G-Cloud: Is there a silver, padded lining?

Yesterday, G-Cloud celebrated its third birthday.

In that time, it has accounted for £431m of government expenditure. (The correct figure is allegedly £467m, but the team is yet to update its data file to correct a bug I highlighted to them, so I can’t vouch for the latter figure. They’re hoping to correct this today.)

Of the £431m, £50m (12%) has been spent on software as a service (SaaS); £31m (7%) on infrastructure as a service (IaaS); £6m (1%) on platform as a service (PaaS); and a staggering £344m (80%) on “specialist cloud services”, defined as follows:

Specialist Cloud Services (SCS) support your transition to SaaS, PaaS and IaaS. Examples of SCS include cloud strategy, data transfer between providers or day-to-day support of cloud-based services.

My take on this is that the SaaS, IaaS and PaaS are on the out-of-the-box widgets themselves; and “specialist cloud services” are the people who are needed to either implement or support cloud.

But if you were to buy a truly cloud-based service, one that plugged and played, then even though there are humans needed to support this on a day-to-day basis, my view is that their effort and cost would be wrapped up into the *aaS cost, and would be labelled such. For example, every penny of the £2,970,196 that Ninian Solutions (Huddle’s trading name) has earned through G-Cloud is labelled as SaaS. If you want Huddle, you sign a contract; you get some licences; and it’s yours to use. There are humans who support it on a day-to-day basis – hell, I’ve met lots of them. But to the customer, these people are invisible.

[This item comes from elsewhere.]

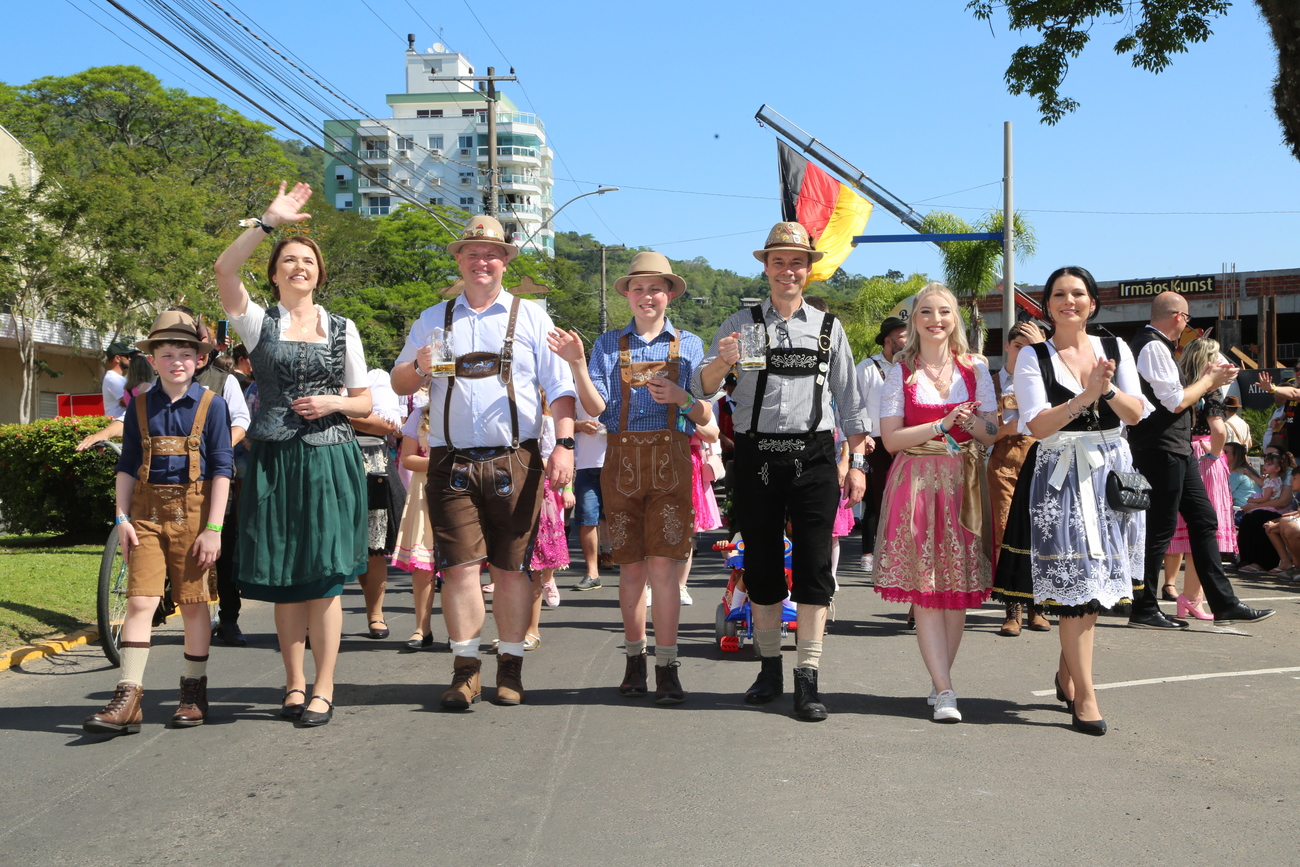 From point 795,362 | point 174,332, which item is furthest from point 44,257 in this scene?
point 795,362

So I expect that the humans covered by the SCS bucket above are doing the stuff that *doesn’t* come out of the box – either migrating stuff to the new solution, or doing something cloud-related that doesn’t come out of the proverbial box. One hopes that they’re not doing stuff unrelated to cloud. That wouldn’t be good, would it?

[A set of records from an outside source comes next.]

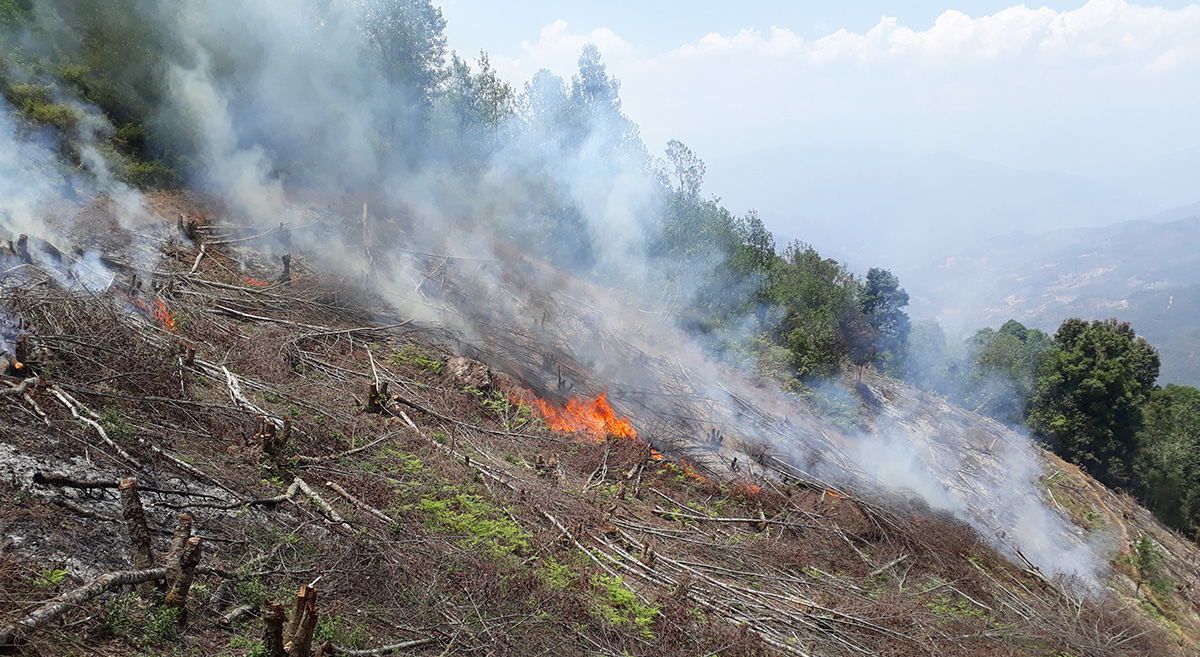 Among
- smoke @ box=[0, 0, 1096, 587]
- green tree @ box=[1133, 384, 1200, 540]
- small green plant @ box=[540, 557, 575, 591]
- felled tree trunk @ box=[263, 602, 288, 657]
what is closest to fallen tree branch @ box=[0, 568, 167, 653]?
felled tree trunk @ box=[263, 602, 288, 657]

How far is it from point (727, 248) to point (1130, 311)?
184m

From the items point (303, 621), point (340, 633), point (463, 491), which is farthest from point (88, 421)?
point (463, 491)

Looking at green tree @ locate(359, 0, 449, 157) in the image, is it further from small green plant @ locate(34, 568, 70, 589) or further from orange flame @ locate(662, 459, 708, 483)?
small green plant @ locate(34, 568, 70, 589)

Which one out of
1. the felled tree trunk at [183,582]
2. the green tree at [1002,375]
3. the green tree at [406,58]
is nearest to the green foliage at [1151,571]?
the green tree at [1002,375]

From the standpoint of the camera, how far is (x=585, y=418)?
44.8 ft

In my rather simplistic mind, cloud has two features. First, it’s available solely over the internet. And secondly, it’s shared. If it’s not available over the internet, then it becomes infrastructure sat in a semi-dedicated data centre, which is the old world of IT, and therefore doesn’t fit the cloud definition. It’s available over a network, but that network is a pipe dedicated for use by the end client.

And if it’s an application that is designed and/or implemented specifically for your use, then it doesn’t embrace the ethos of cloud that is associated with driving down cost through reuse.

I would have hoped that by embracing the two features above, the extent to which humans was needed would be much less than the above numbers suggest to be the case.

There is clearly a need for people to implement the things that you are buying through G-Cloud. But I am surprised that 80% of the money that is being spent on G-Cloud is dedicated to this. I have no idea what an appropriate percentage would be – indeed it might be entirely appropriate for four pounds in every five to be spent on the people associated with the service. Views?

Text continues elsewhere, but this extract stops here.